“As long as we can stay in the 4x (earnings before interest, taxes, depreciation and amortization) and bring it down to 3x, then we’ll continue to further explore opportunities that are in the marketplace - more on the organic side than inorganic,” said Steve Fisher, Novelis president and chief executive officer, during an earnings call Tuesday August 7.
According to Fisher, Novelis has yet to receive much feedback from federal regulators about its $2.6 billion purchase of Aleris - which was announced by both companies
July 26. In Aleris' earnings release Monday August 6, the company said it expected the transaction to close in 9 to 15 months.

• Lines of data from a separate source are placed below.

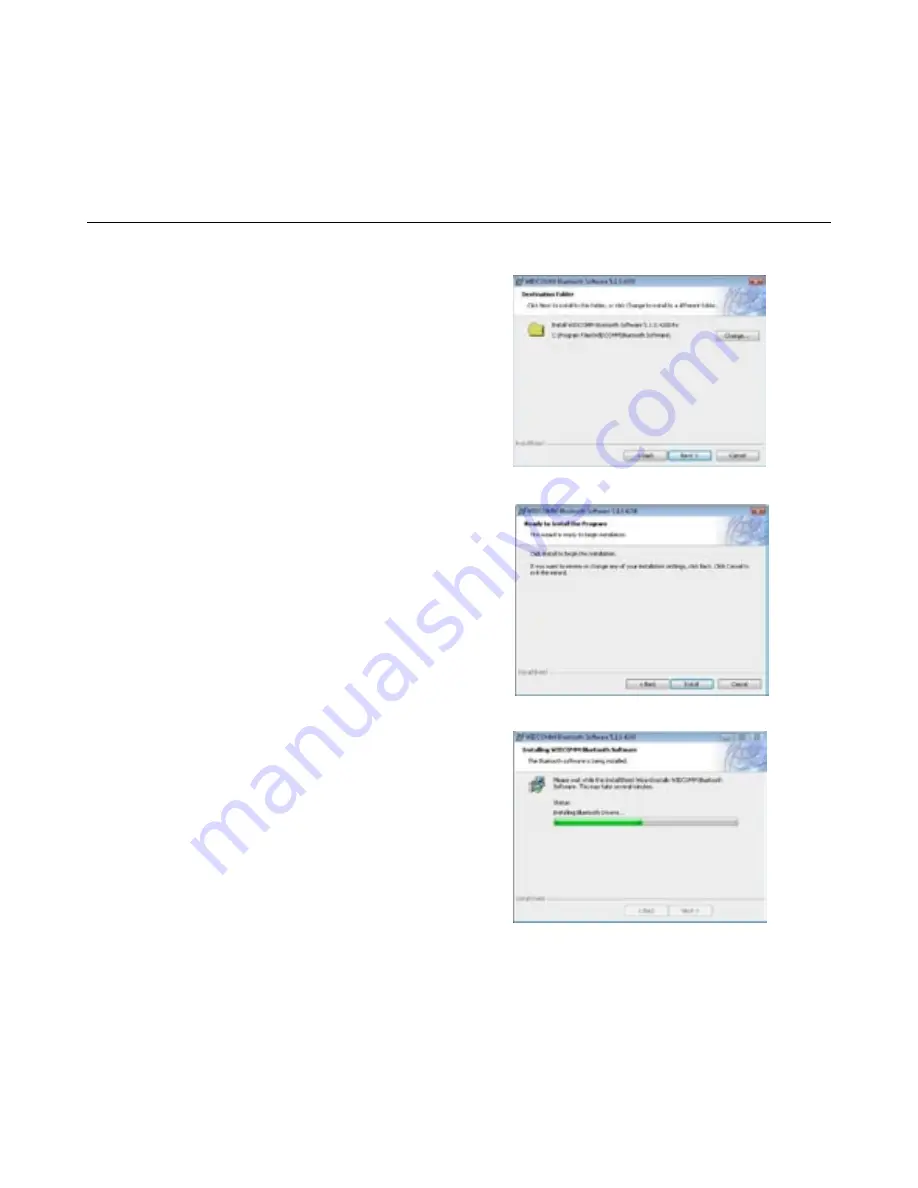 Belkin F5L019 Quick Installation Manual Download Page 6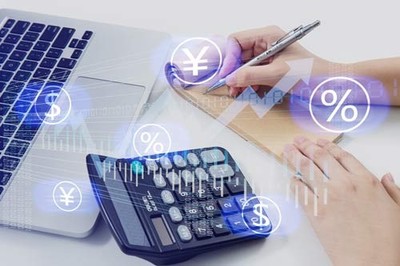 企業(yè)為什么要找專(zhuān)業(yè)的楊浦代理記賬公司?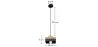  Ceiling Lamp - Scandinavian Style Pendant Lamp - Edda image 7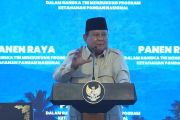 Prabowo tegaskan Indonesia siap terapkan BBM campuran E10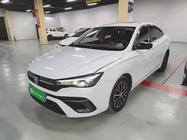 Roewe i5 2022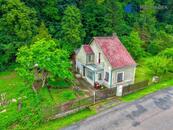 Rodinný dům 2+1, 68 m², v obci Rtyně nad Bílinou, č.p. 36, cena 3500000 CZK / objekt, nabízí 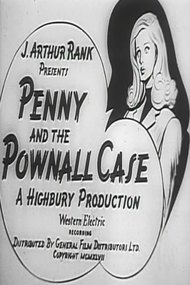 Penny and the Pownall Case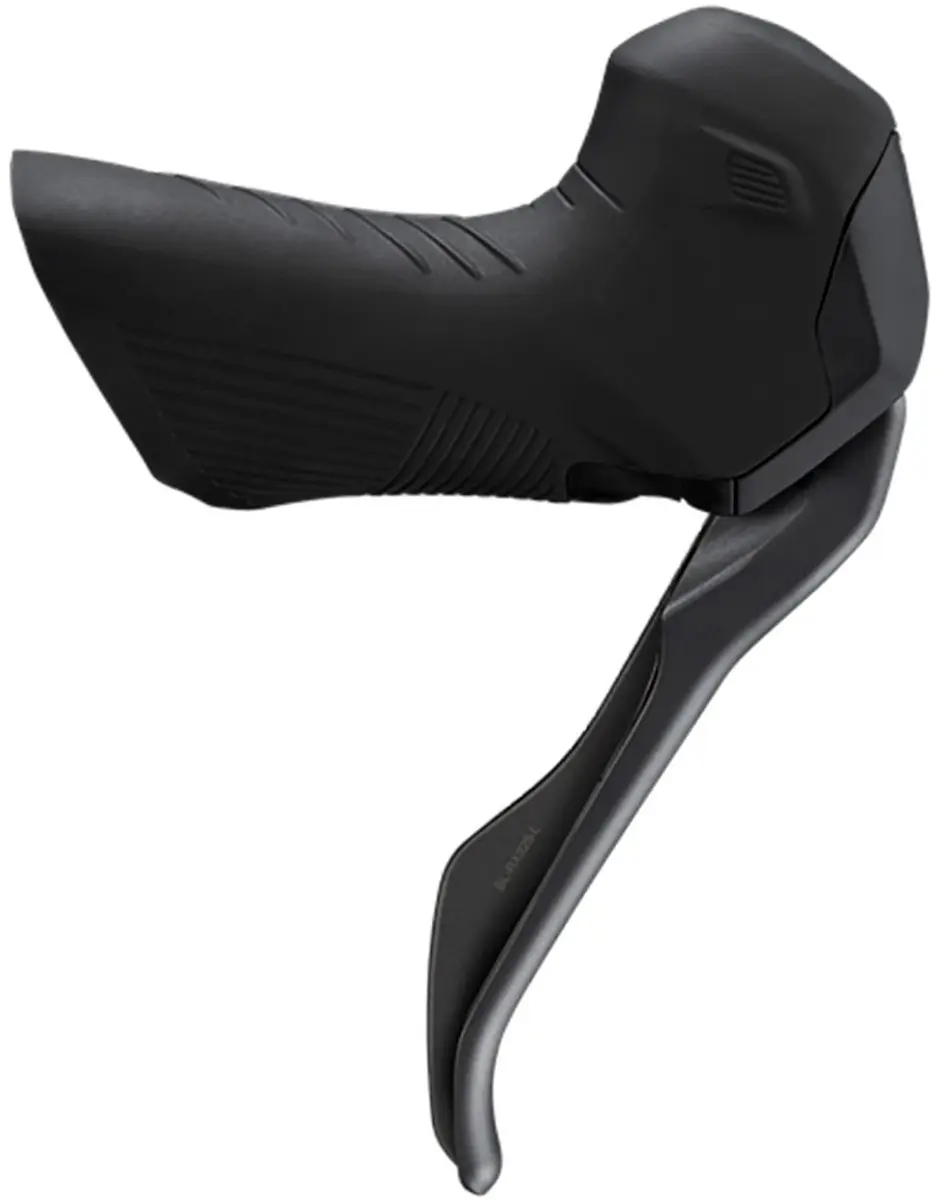 Shimano GRX Remhendel Links - Zwart - afbeelding 5 van 6
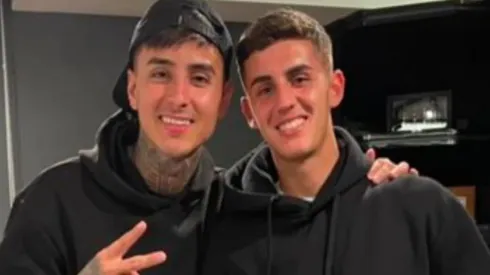 Pulgar y Gutiérrez compartieron tras las eliminatorias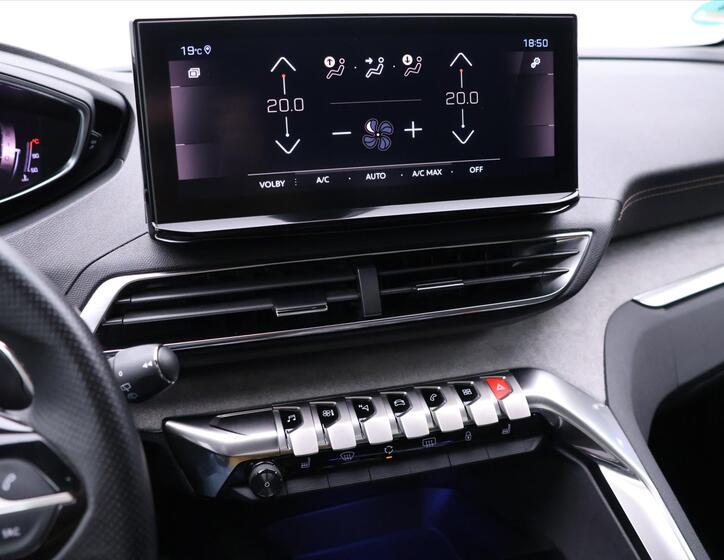 Peugeot 5008 30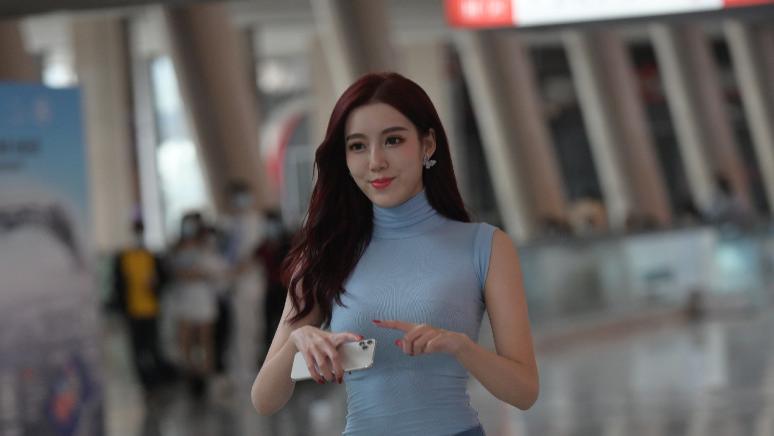 牛仔裤穿四季，这么厉害的单品，要把它收入囊中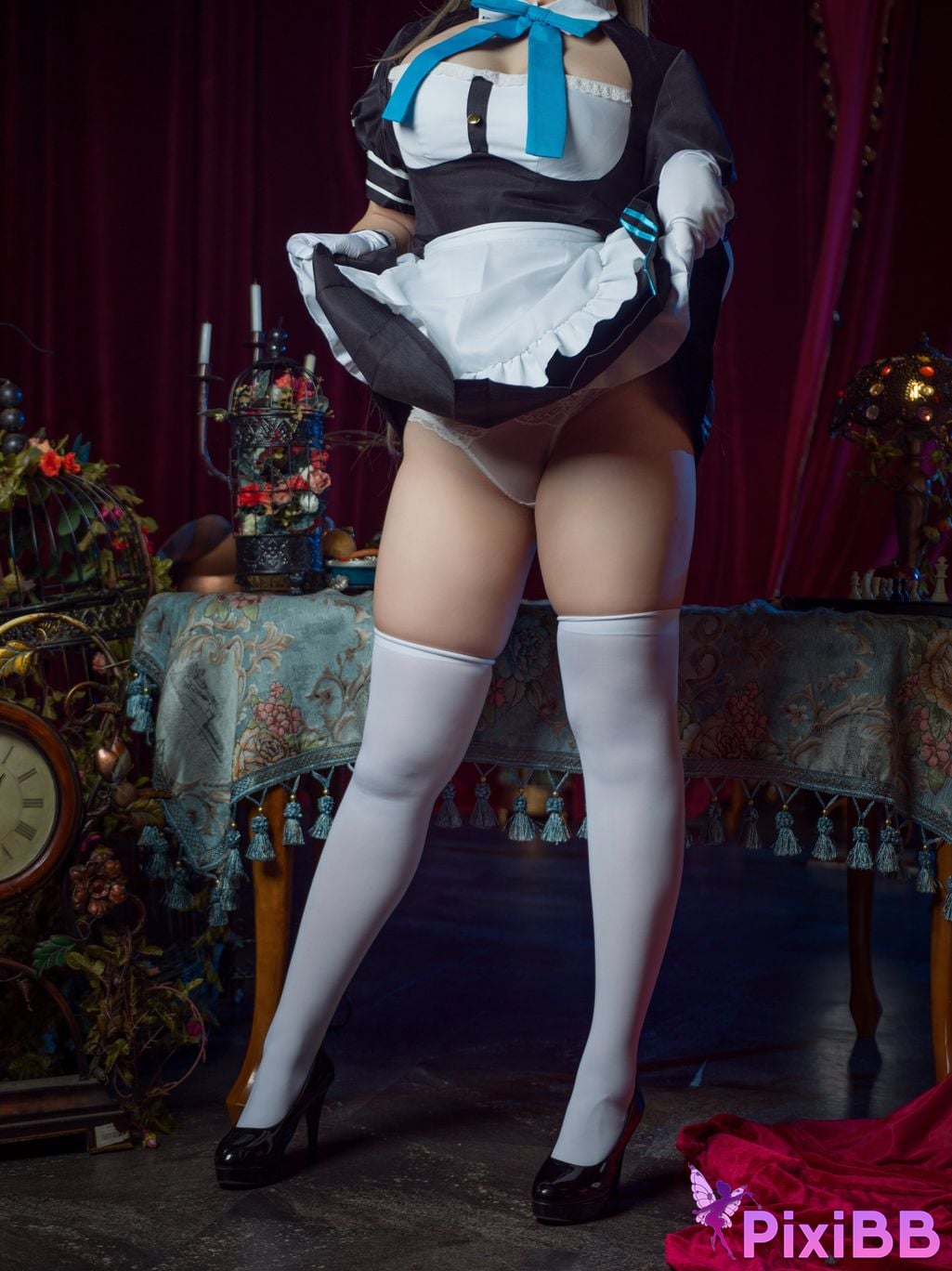 Cosplay Twist Sauce October 2023 Collection PixiBB.COM 033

As part of the deal, Novelis will acquire Aleris' 13 manufacturing facilities in North America, Asia and Europe - including a new 200,000-tonne-per-year automotive finishing line in Lewisport, Kentucky.
During the call, Fisher said that the acquisition of Aleris would make Novelis - which reported net income of $137 million for the three months ending June 30 - stronger in “specialty markets”. According to Fisher, the company is making strategic investment decisions in order to diversify its portfolio.
Sources who spoke to American Metal Market prior to the announcement of the acquisition speculated that Aleris’ highly leveraged Ebitda ratio would be a concern for the company going forward. However, Novelis said it believes that it will reduce the leverage of the Aleris acquisition to 4x by the time of the acquisition’s close from more than 8x at the time the deal was announced.
Aleris reported a $47 million loss for the second quarter of 2018 - which the company said would have been a profit of $2 million had the company not refinanced its debt
during the quarter.
Uncertainty still pervades the acquisition, which is pending federal regulatory approval. The current political climate is seen by some market participants as a possible reason the acquisition may run into closing problems, given that Novelis’ parent company, Hindalco Industries, is based in Mumbai, India.
Aleris has already had one acquisition attempt thwarted by US regulator concerns. The planned $2.3 billion purchase of the company by an arm of China Zhongwang Holdings was cancelled in November 2017
after more than a year of back-and-forth with regulators such as the Committee on Foreign Investment in the United States (CFIUS).